### Aim of the task
Up to and including the line bearing "Vstup do areálu", output every line of the entries exactly as written, starting from the first; pictures stay out.

### Records for the exercise
=== Begin Enclosure ===
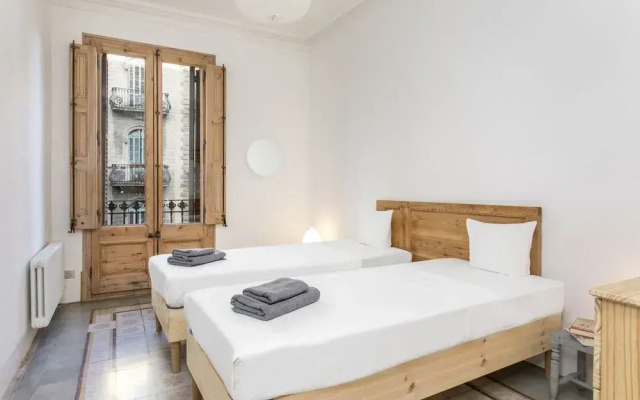 Spacious and luminous flat with balcony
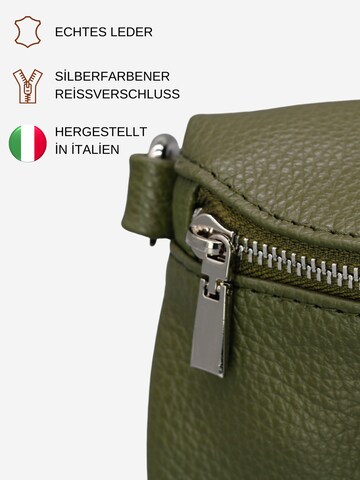 Brise Shoulder Bag 'Afia' in Green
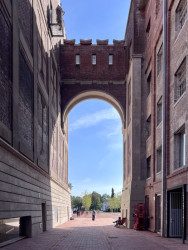 Vstup do areálu inspirovaný Ištařinou bránou v Babylonu. "Tenhle barák má sakrální rozměr," řekl o budově mlýnů Lukáš Smetana, který areál koupil a proměnu nastartoval.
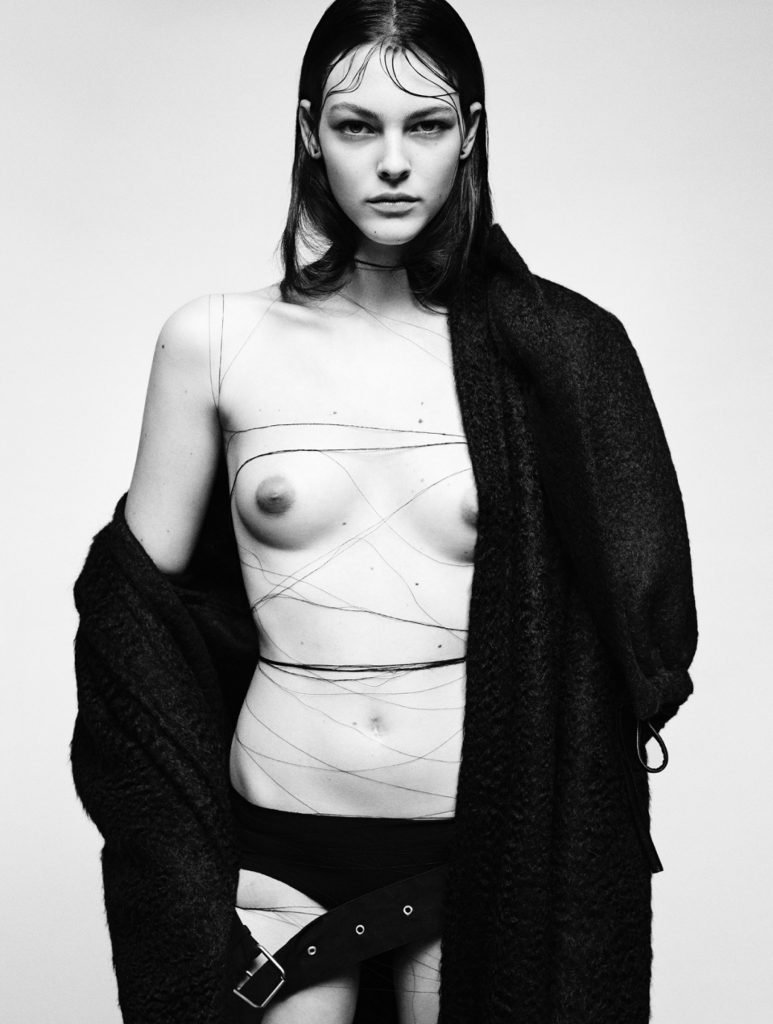 Vittoria Ceretti Nude &amp; Sexy (74 Photos)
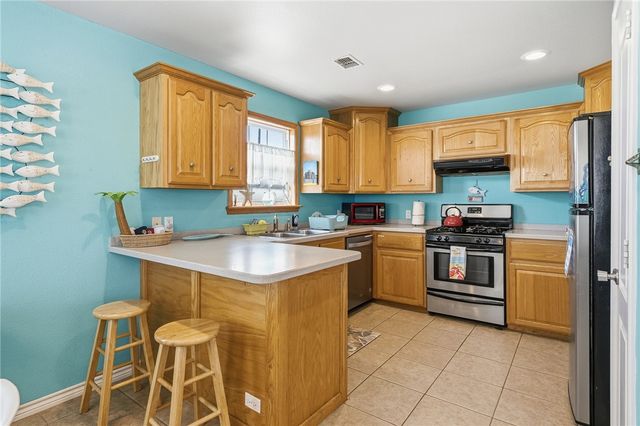 908 S Live Oak St, Rockport, TX 78382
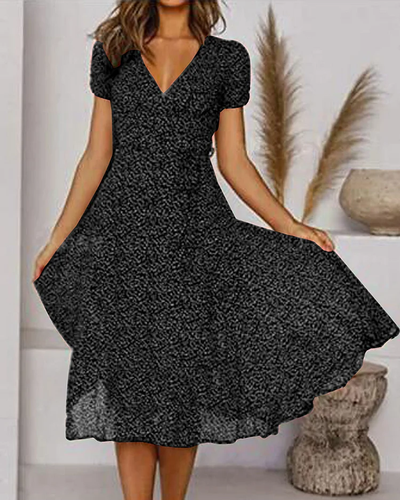 W&W Mode | Druckseide Chiffonkleid mit Kurzen Ärmeln und V-Ausschnitt für Damen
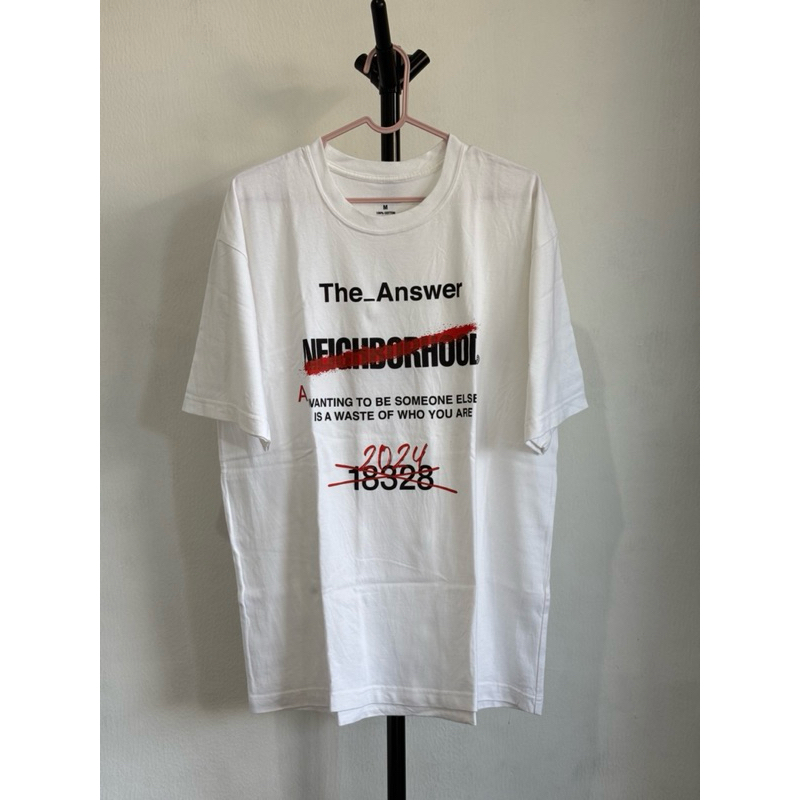 Tshirt Kaos Neighborhood - Size M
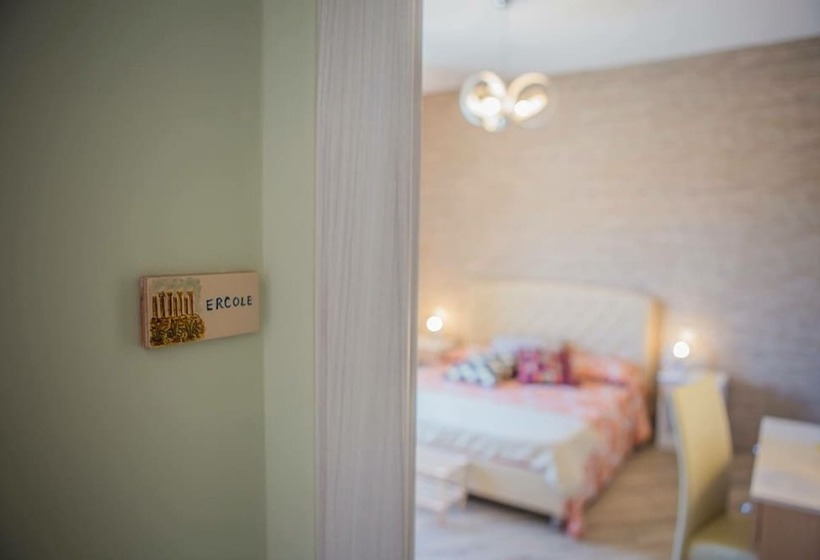 豪华海景房带阳台, Le Notti Di Morfeo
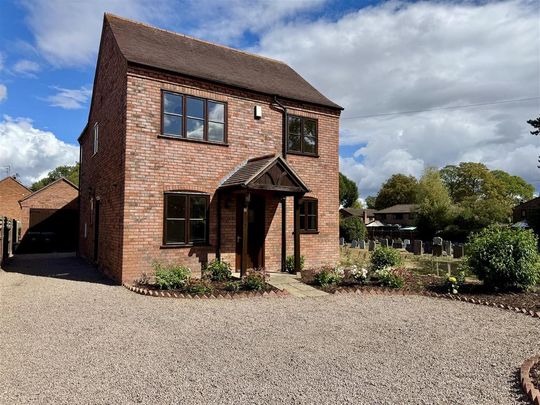 4 bedroom detached house to rent - Photo 1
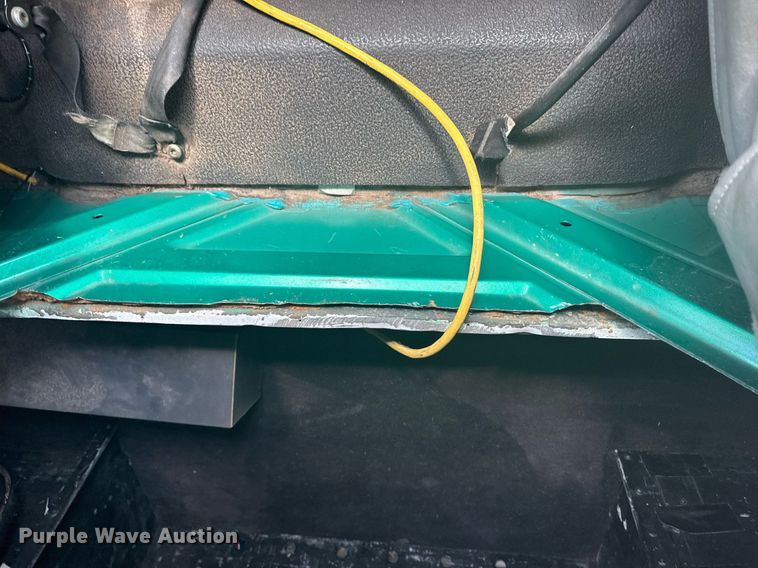 image for item DO7614 2003 International  4300 truck cab and chassis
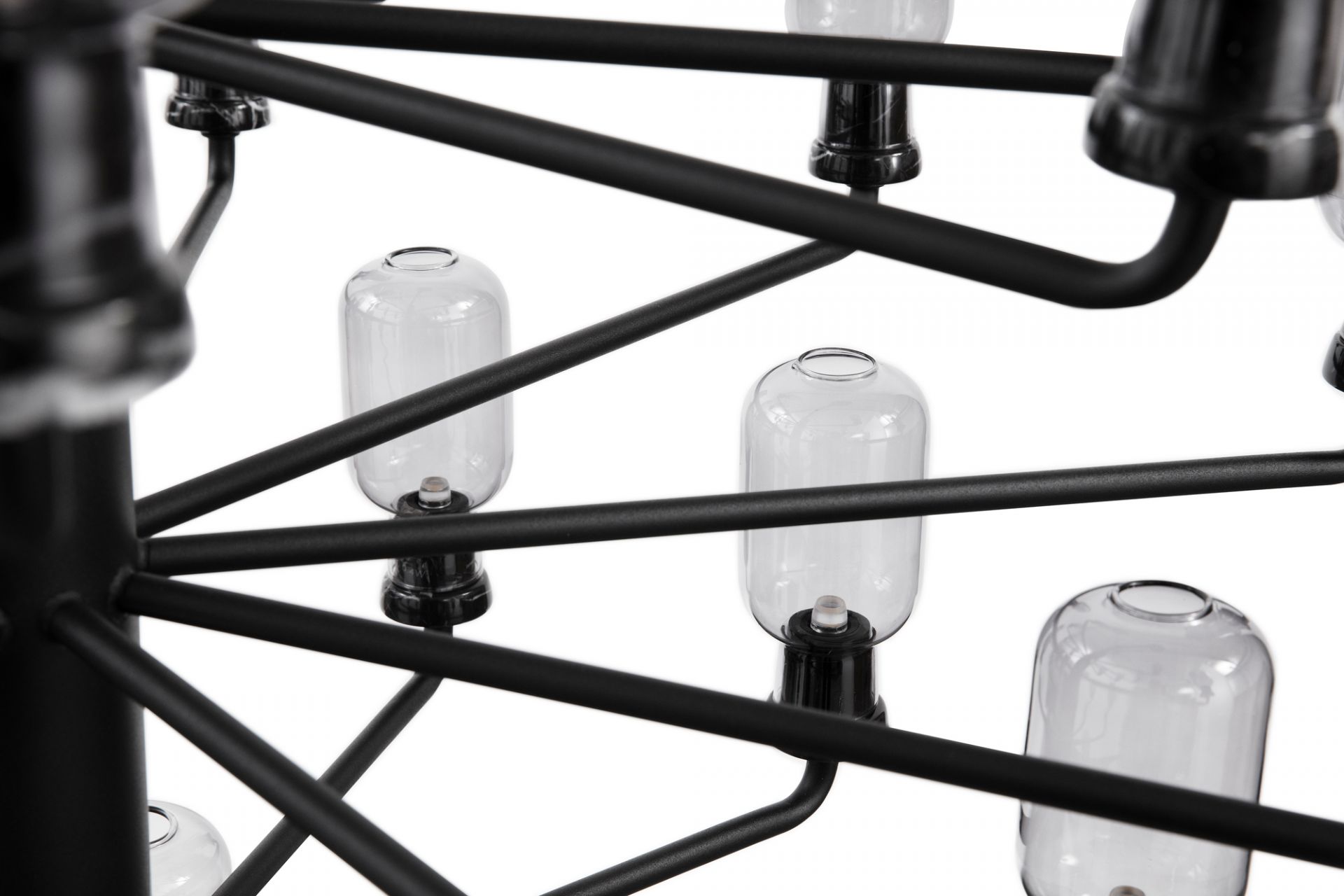 Detailaufnahme der Amp Chandelier Pendelleuchte Small in Rauchglas und Schwarz, moderne Innenbeleuchtung.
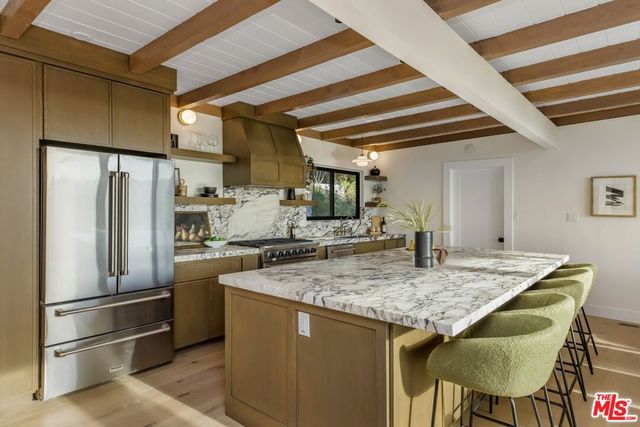 645 Luton Drive, Glendale, CA 91206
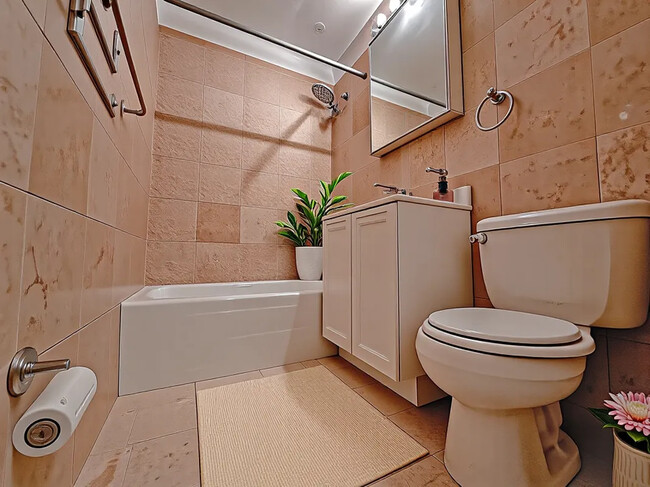 Building Photo - 120 E 17th St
=== End Enclosure ===
### Response
 Spacious and luminous flat with balcony
 Brise Shoulder Bag 'Afia' in Green
 Vstup do areálu inspirovaný Ištařinou bránou v Babylonu. "Tenhle barák má sakrální rozměr," řekl o budově mlýnů Lukáš Smetana, který areál koupil a proměnu nastartoval.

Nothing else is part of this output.